Wednesday, October 21, 2015

How to Get More Done in Meetings


No matter how many cell phones you ban from meetings, or how many meetings you have while walking or standing or whatever you try to do to make them shorter, meetings just don’t seem to get better.
The reason, says Al Pittampalli, a meetings expert who advises organizations like NASA and IBM, is because meetings have become the “Kabuki dance of corporate politics,” as leaders and teams use them as a way to dodge work, decisions and personal accountability.
Meetings make workers busy, not productive, he says. They prevent those attending from getting real work done that can make a difference to customers and the bottom line. Meetings also prevent workers from doing meaningful work, such as mentoring or coming up with innovative ideas, he adds.
The bottom line: “Most meetings are a waste of time and people shouldn’t even be meeting in the first place,” he says.
A big part of the problem is that meetings are often about egos. They can be used to display power and status, which is why no one likes being left out of a meeting because they worry it’s a bad sign for their careers. At the same time, those attending a meeting often tell themselves they are being productive – or at least look productive to anyone passing by.
Further, departments like IT  – with the heavy reliance on gathering and disseminating information –  often are guilty of the most inefficient and unproductive meetings, says Pittampalli, author of “Read This Before Our Next Meeting: How We Can Get More Done.”
“Meetings in IT can often get bogged down in information and presenting that information. Those meetings are just dead while literally 75% of the time is spent presenting information to each other,” he says. “There are much better ways to share that information, such as project management software or even video.”
What IT must learn, along with everyone else, is that meetings should be used for collaboration and “talking about interesting and complex information,” he says.

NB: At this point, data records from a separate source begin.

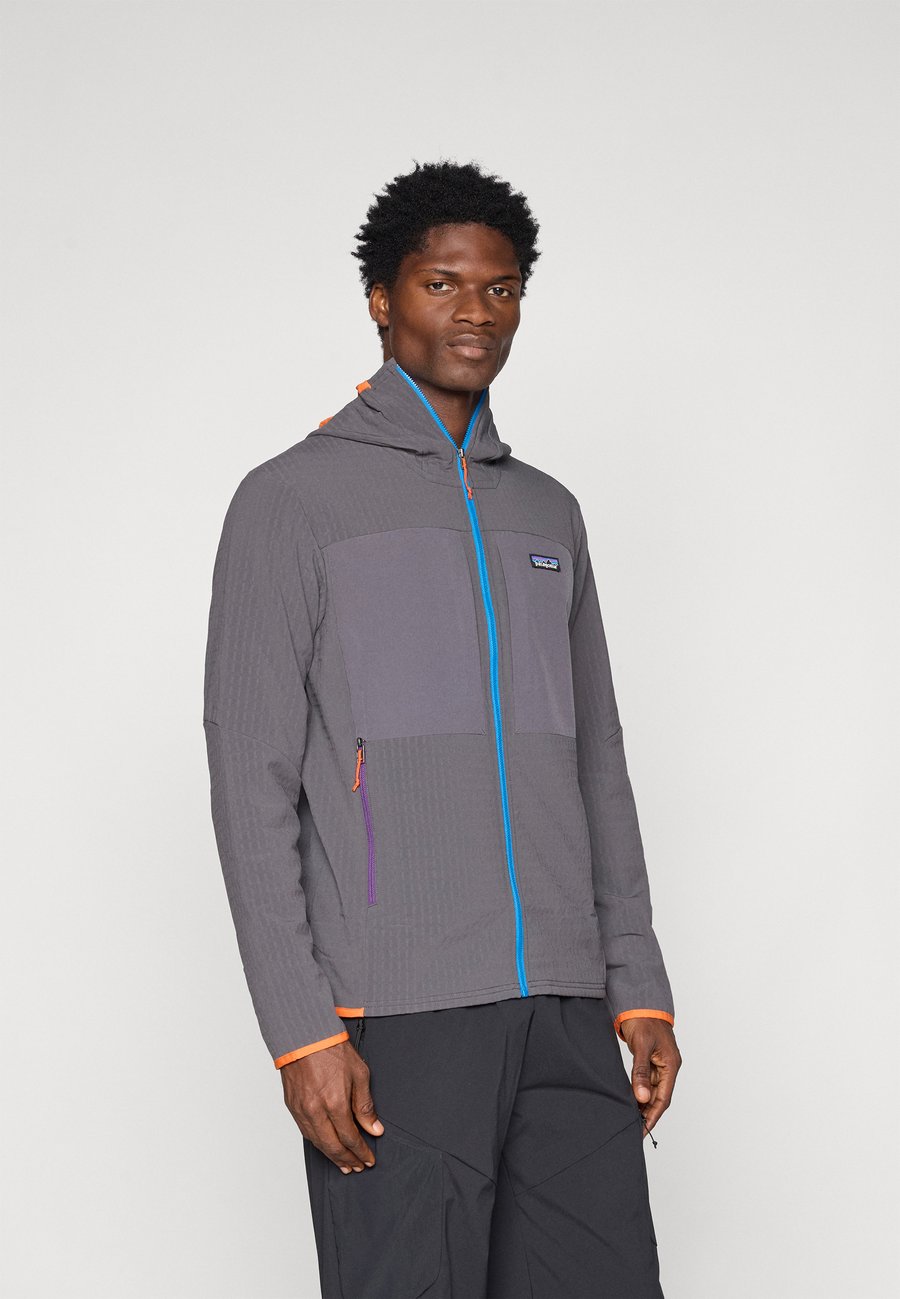 Куртка Patagonia R2 HOODY, Forge Grey/Grey
Куртка Patagonia R2 HOODY, Forge Grey/Grey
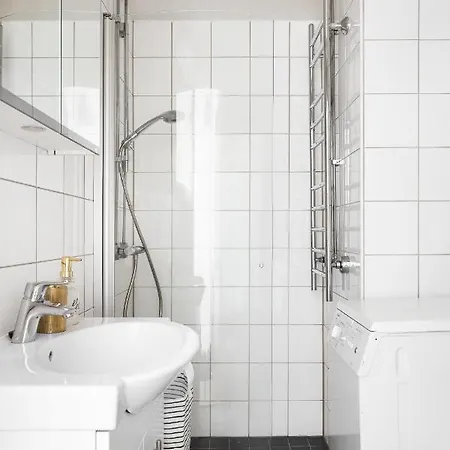 Trendy Nordic Studio By Tram Stop Helsinki Exterior photo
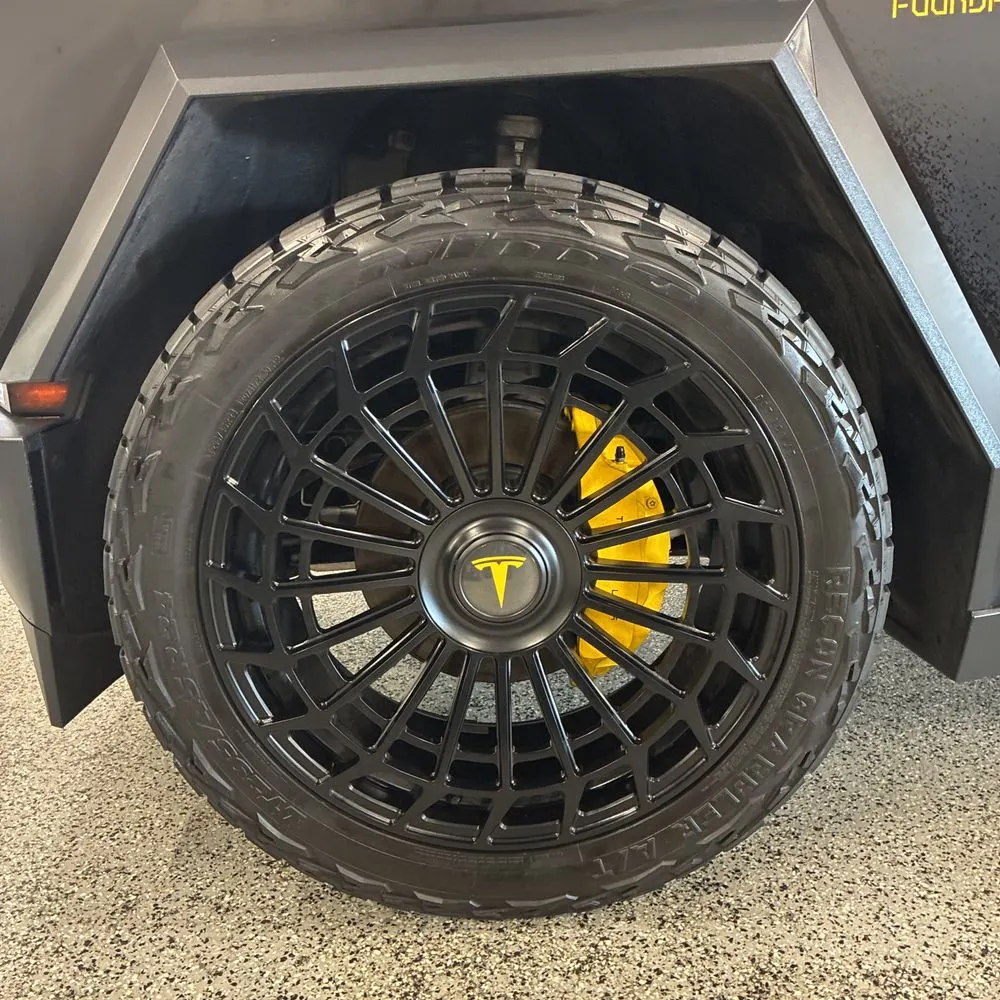 2024 Tesla Cybertruck Base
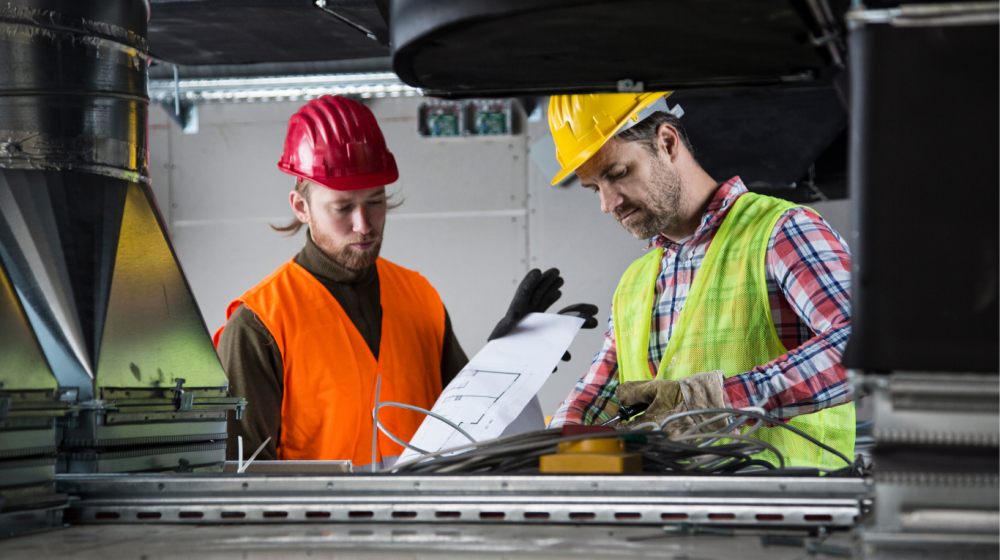Mitarbeiter verschiedener Ebenen arbeiten an einem Projekt.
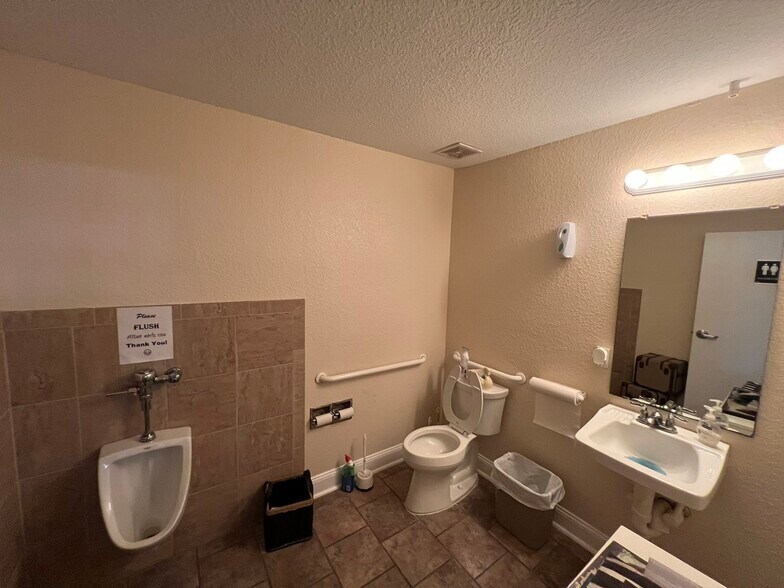 More Photos Of 6310 Blanding Blvd, Jacksonville Showroom For Sale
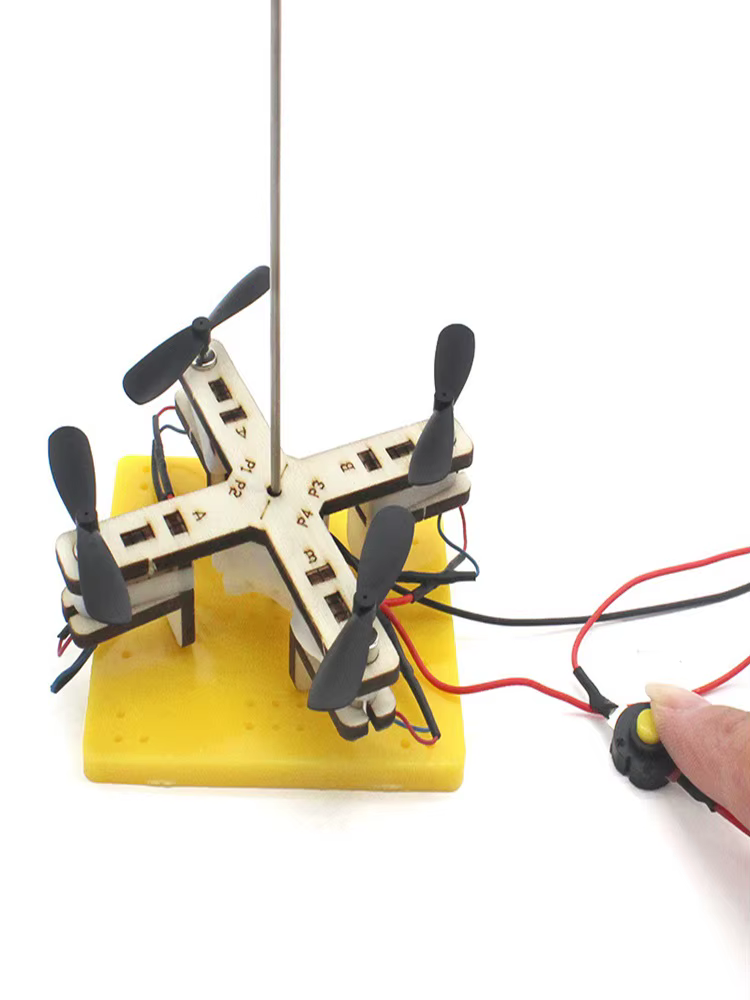 Kit de dron de madera DIY quadcopter visto desde arriba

That’s why he’s come up with the “Modern Meeting Standard” that establishes ground rules for where and when to call a meeting. The standard establishes that:
  1. Leaders make decisions, not meetings. “When an issue shows up on your desk, the first thing you must do is embrace this fact: You own it,” he says.  If a decision needs to be made and isn’t a big deal, then the leader needs to make the decision and move on.  If a decision is needed that will have some consequence, then the leader can seek input from others – but there is no reason to call a meeting. “A lot of people have anxiety when it comes to making a decision, and they use meetings as a hiding place. They think that if they call a meeting, then their problem now becomes the decision of everyone and they take comfort in mitigating the risk,” Pittampalli says. “They think that way they won’t get blamed if it goes wrong.”